### Given entries
....................
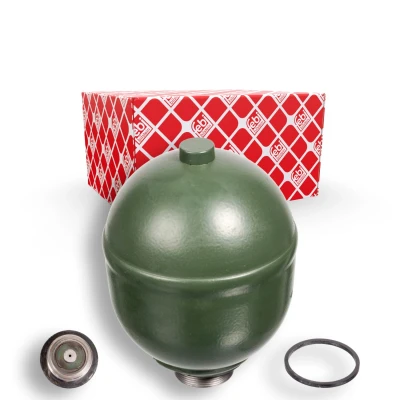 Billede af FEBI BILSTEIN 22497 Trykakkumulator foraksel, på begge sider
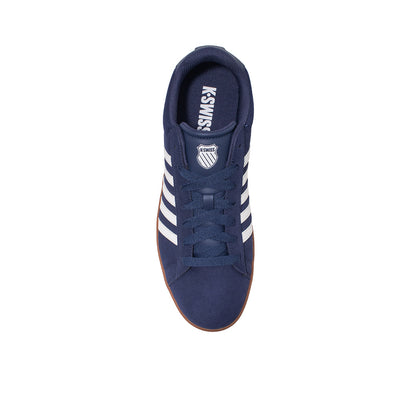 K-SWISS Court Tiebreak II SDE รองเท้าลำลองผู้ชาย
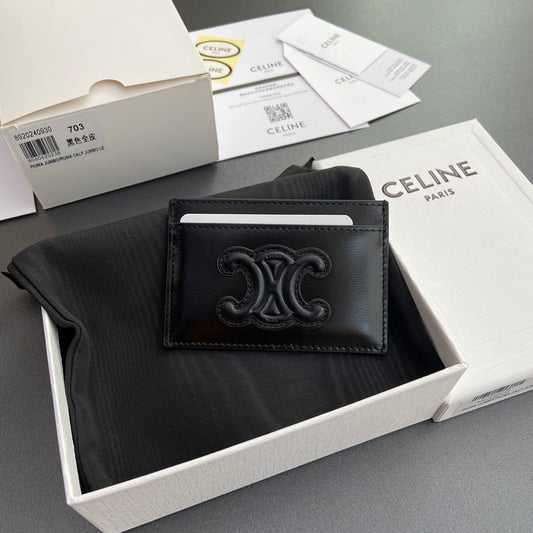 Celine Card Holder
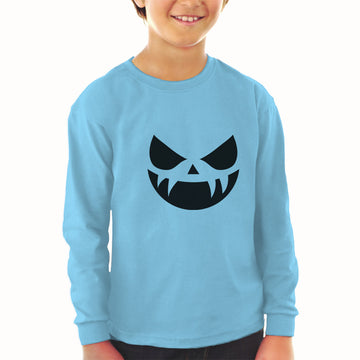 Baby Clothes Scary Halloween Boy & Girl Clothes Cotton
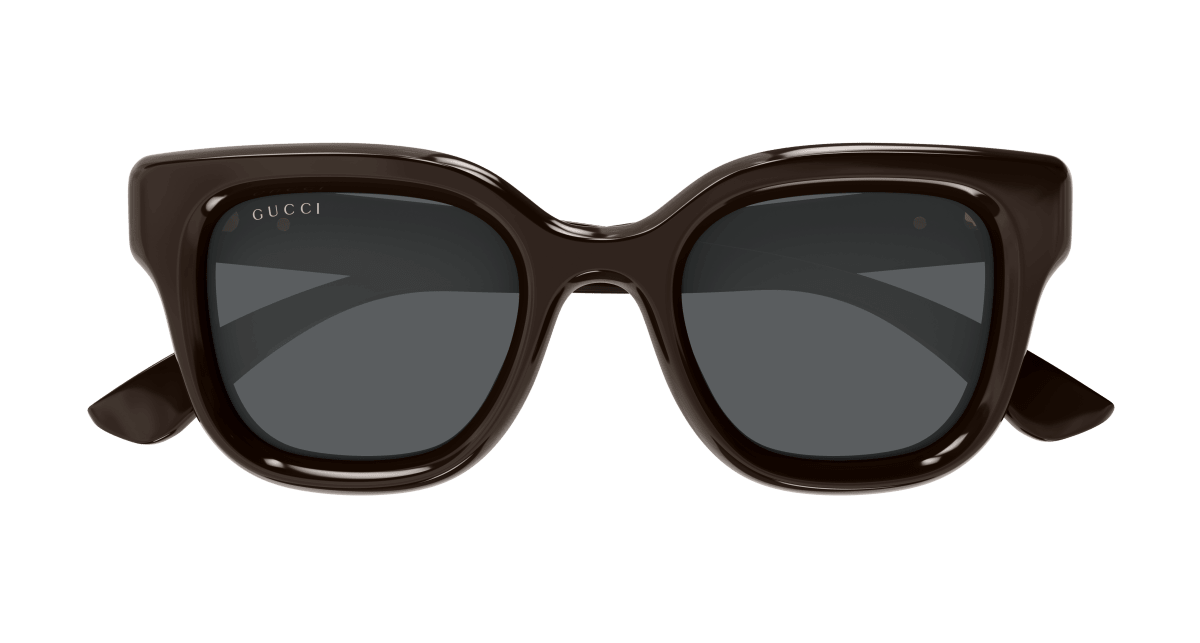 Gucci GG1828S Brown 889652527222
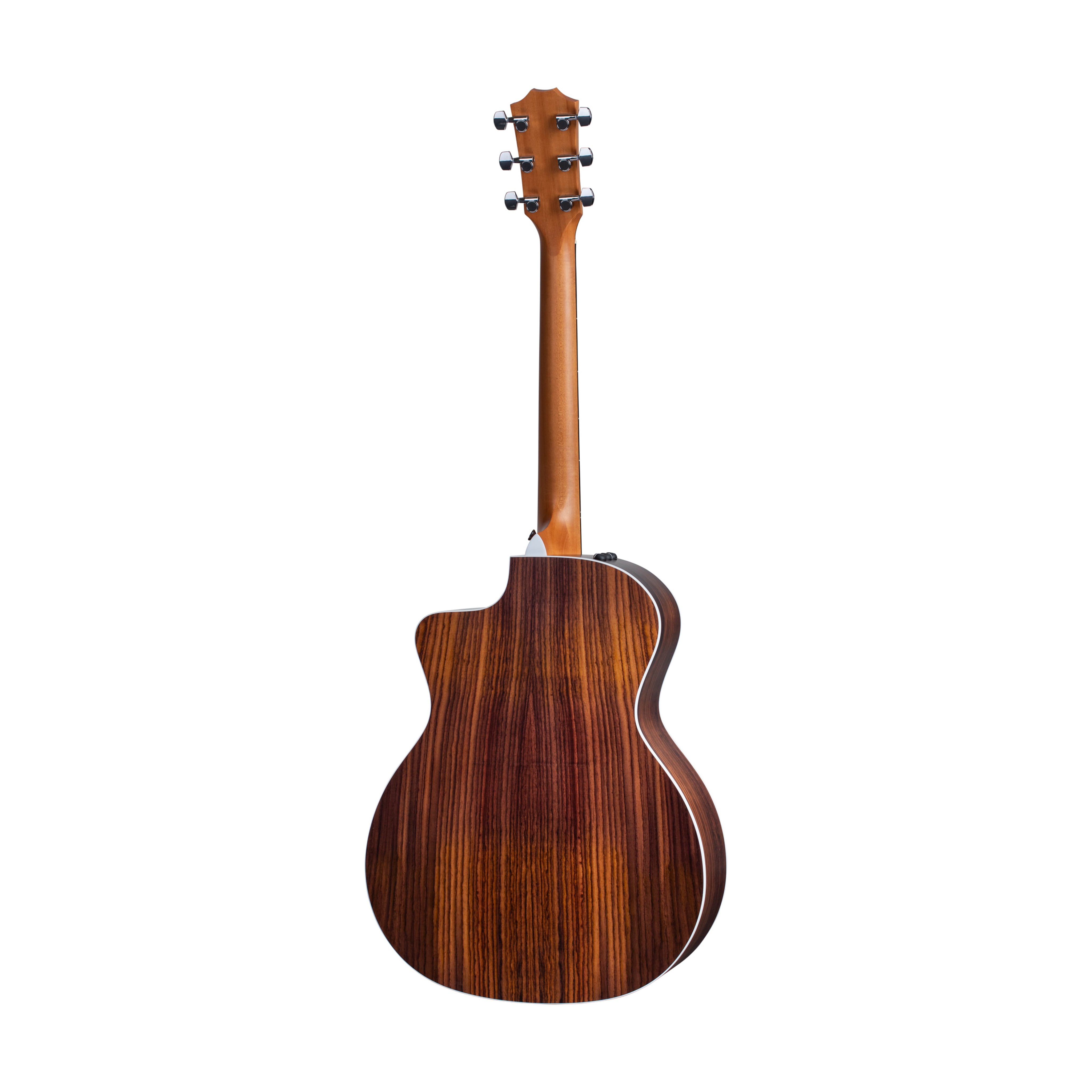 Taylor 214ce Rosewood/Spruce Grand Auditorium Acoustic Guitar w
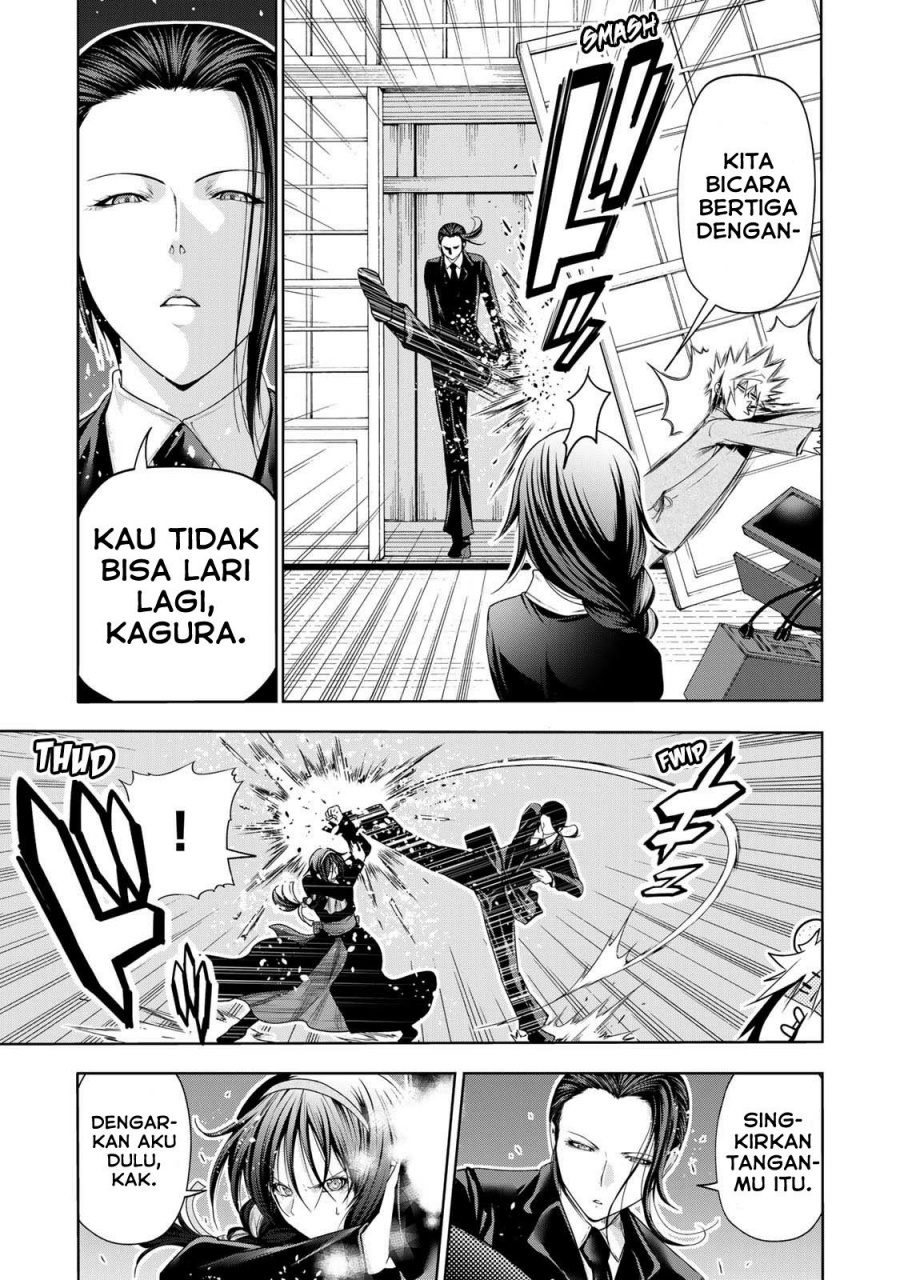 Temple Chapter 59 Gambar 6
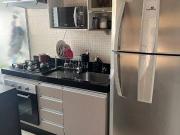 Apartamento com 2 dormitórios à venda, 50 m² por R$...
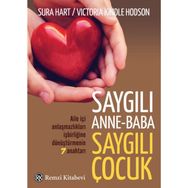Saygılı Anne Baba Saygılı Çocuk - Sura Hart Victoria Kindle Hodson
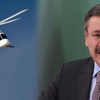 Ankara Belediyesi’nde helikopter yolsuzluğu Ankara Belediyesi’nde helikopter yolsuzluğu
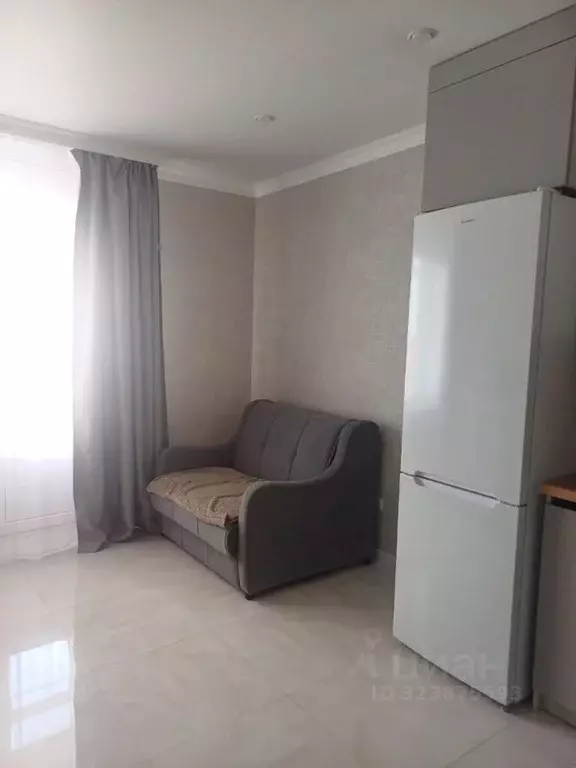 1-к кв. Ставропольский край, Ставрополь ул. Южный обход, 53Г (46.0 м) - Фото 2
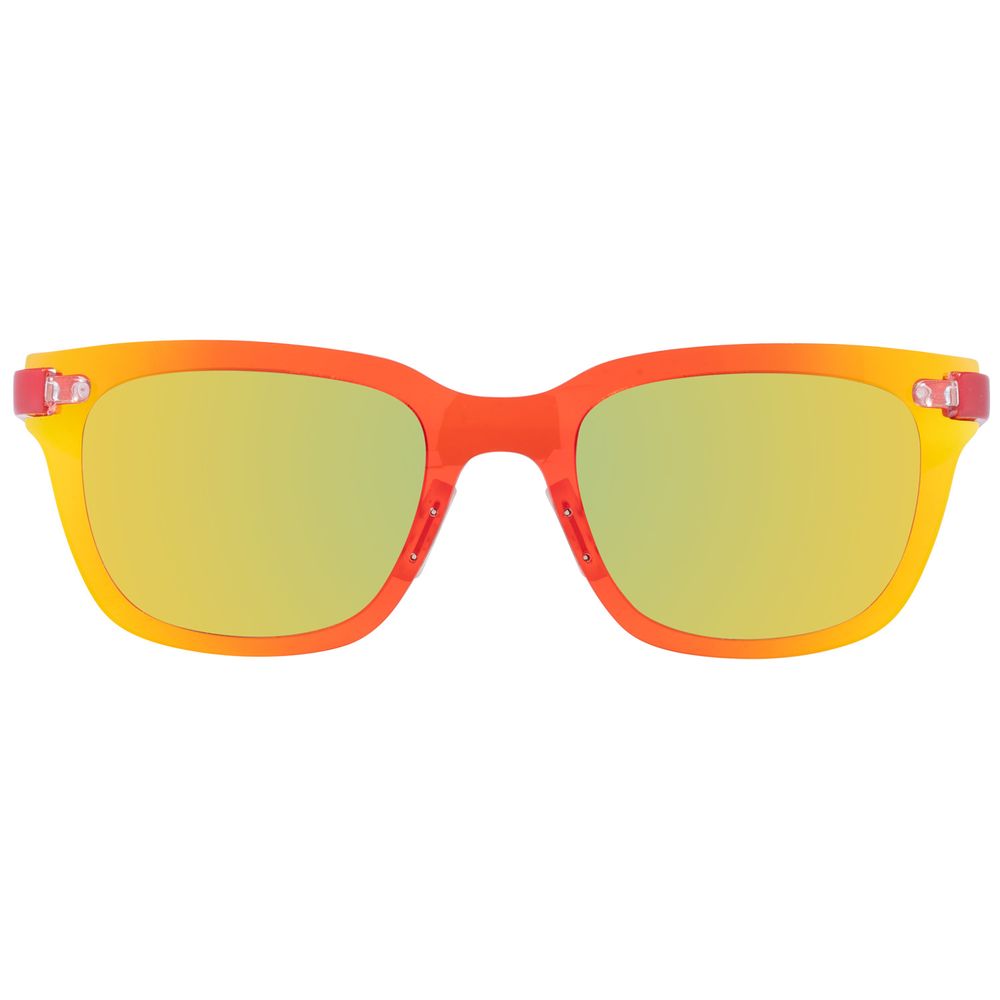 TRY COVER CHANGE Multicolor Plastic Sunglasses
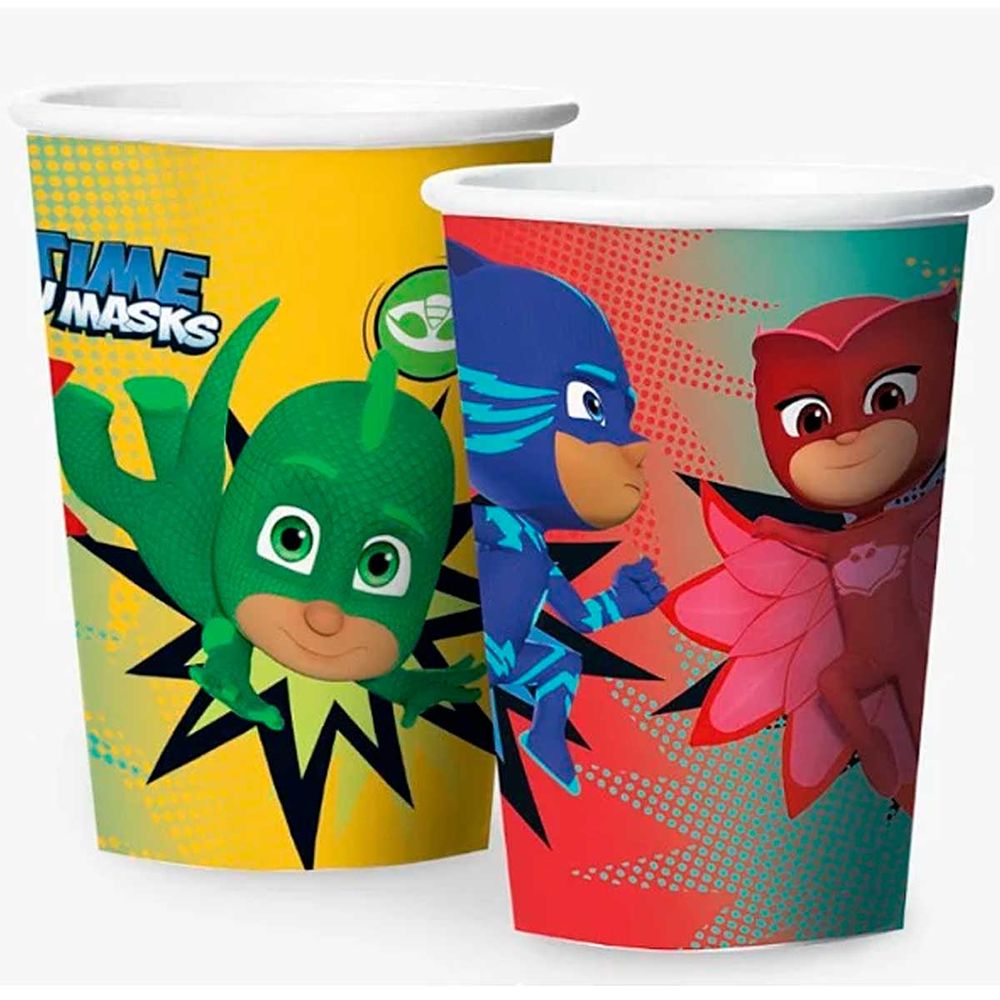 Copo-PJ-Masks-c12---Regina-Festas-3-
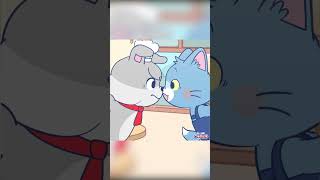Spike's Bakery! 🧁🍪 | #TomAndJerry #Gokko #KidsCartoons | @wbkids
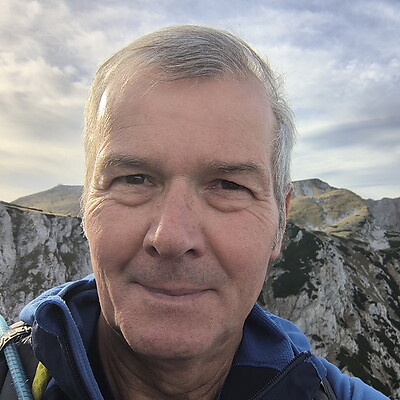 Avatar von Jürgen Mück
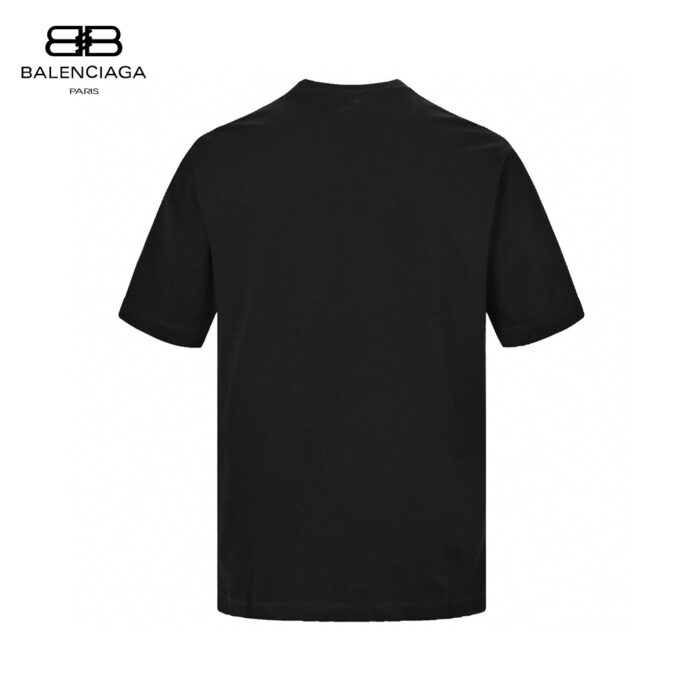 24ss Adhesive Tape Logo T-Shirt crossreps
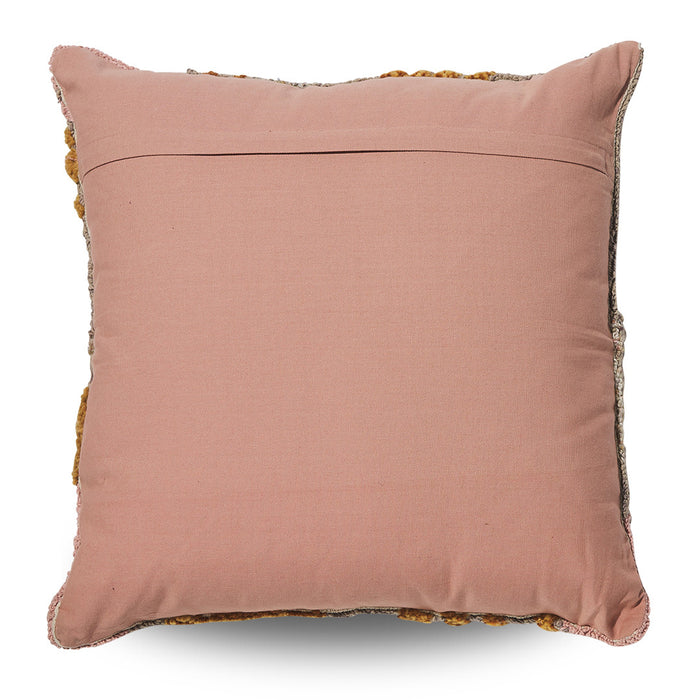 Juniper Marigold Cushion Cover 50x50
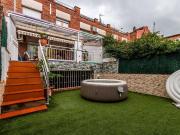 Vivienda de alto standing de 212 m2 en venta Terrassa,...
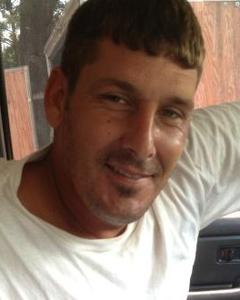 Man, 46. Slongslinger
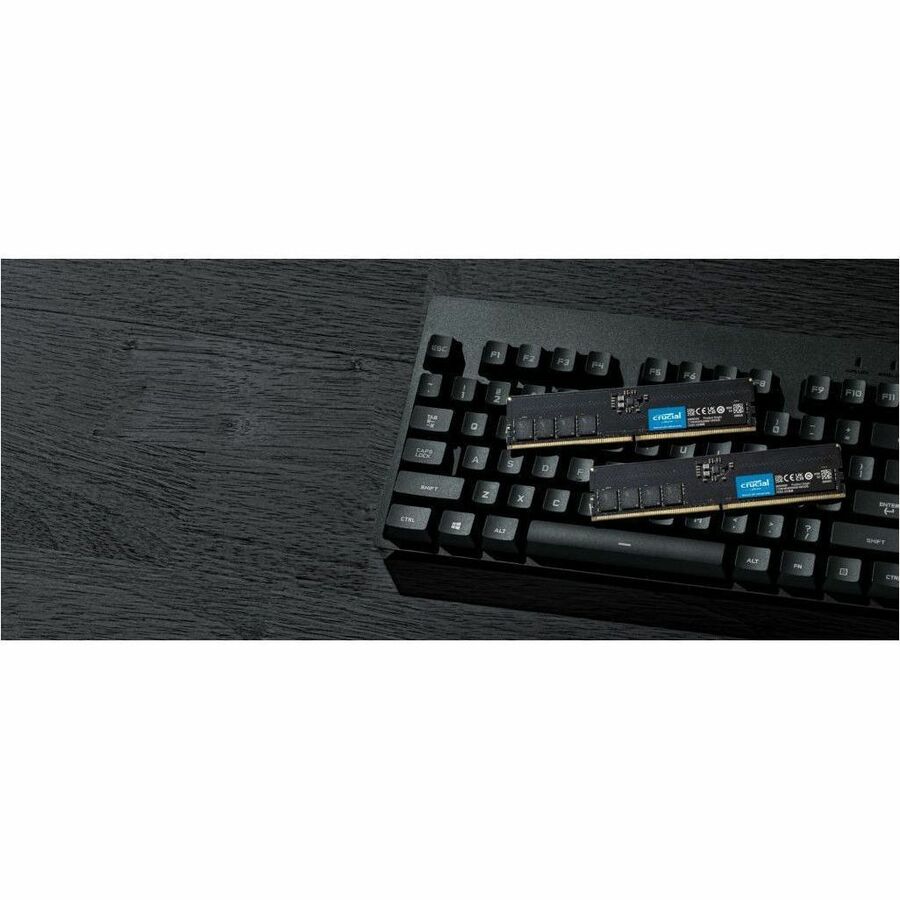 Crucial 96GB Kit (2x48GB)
....................
### Action item
No pictures should appear in the copy. Reproduce exactly the lines from the line containing "1-к кв. Ставропольский" through the last line of the data, inclusive.

### Result of this task
 1-к кв. Ставропольский край, Ставрополь ул. Южный обход, 53Г (46.0 м) - Фото 2
 TRY COVER CHANGE Multicolor Plastic Sunglasses
 Copo-PJ-Masks-c12---Regina-Festas-3-
Spike's Bakery! 🧁🍪 | #TomAndJerry #Gokko #KidsCartoons | @wbkids
 Avatar von Jürgen Mück
 24ss Adhesive Tape Logo T-Shirt crossreps
 Juniper Marigold Cushion Cover 50x50
 Vivienda de alto standing de 212 m2 en venta Terrassa,...
 Man, 46. Slongslinger
 Crucial 96GB Kit (2x48GB)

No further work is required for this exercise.